These top tips for the best cake pops include everything from preparing the dough and shaping the cake pops, to dipping them in chocolate and decorating. They will help treat makers of all experience levels to master these fun, bite-sized desserts. I’m also sharing some of my favorite cake pop recipes for you to try out.
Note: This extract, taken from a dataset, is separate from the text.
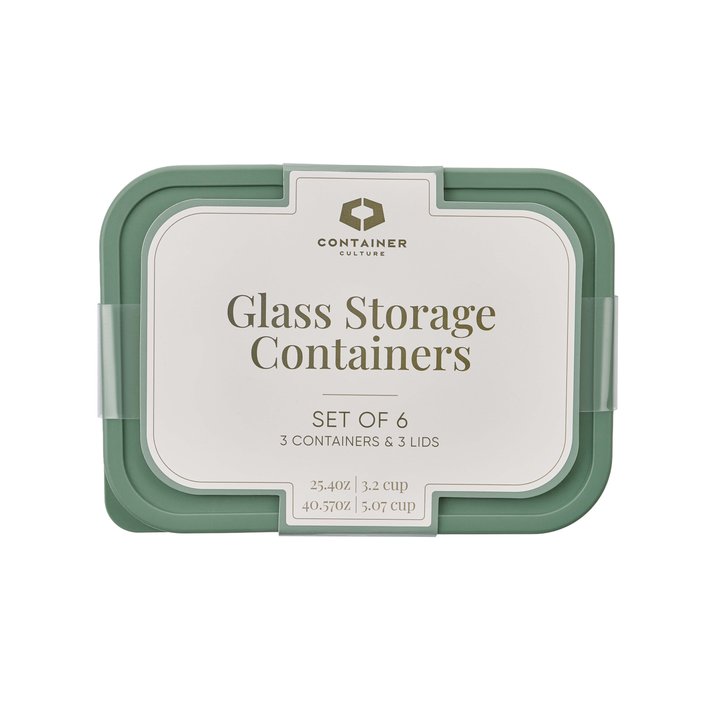 Container Culture 6-Piece Airtight Glass Food Storage Set with Lids, 25.35oz & 40.57oz Mixed Sizes - Soft Sage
Try out my classic homemade cake pops, Starbucks chocolate cake pops, or fun ice cream cone cake pops.
Jump to:
- What Is A Cake Pop
- 1. Save Time with Storebought Ingredients
- ❗ Top Tip: Omit The Oil
- 2. Crumble the Cake
- 3. Don't Use Too Much Frosting
- ❗ Top Tip: Cake Pops Without Frosting
- 4. Chill the Dough for Rolling
- 5. Have Uniform Dough Balls
- 6. Use Almond Bark or Candy Melts
- 7. Don't Overheat Your Candy Melts
- 8. Correctly Thin Your Chocolate
- 9. Use Chocolate on the Sticks
- 10. Dip Room Temperature Cake
- 11. Tap & Rotate
- 12. Use A Stand or Make Your Own
- 13. Make them Ahead of Time
- ❓ Best Cake Pop FAQs
- 📍🍡🎂 Best Cake Pop Recipes To Make
- 📖 Recipe Card
- 💬 Reviews
Cake pops are a fun and creative way to enjoy a sweet treat. They are perfect for birthday parties, celebrations, and holidays.
While these bite-sized treats may look like a simple dessert, there are definitely a few tricks that go into making them look flawless. Follow these tips and tricks to become a master cake pop creator!
What Is A Cake Pop
A cake pop is a treat that is made by combining crumbled baked cake with frosting until it forms a dough. This dough is placed onto a stick, dipped in chocolate, and then decorated with either more chocolate or sprinkles.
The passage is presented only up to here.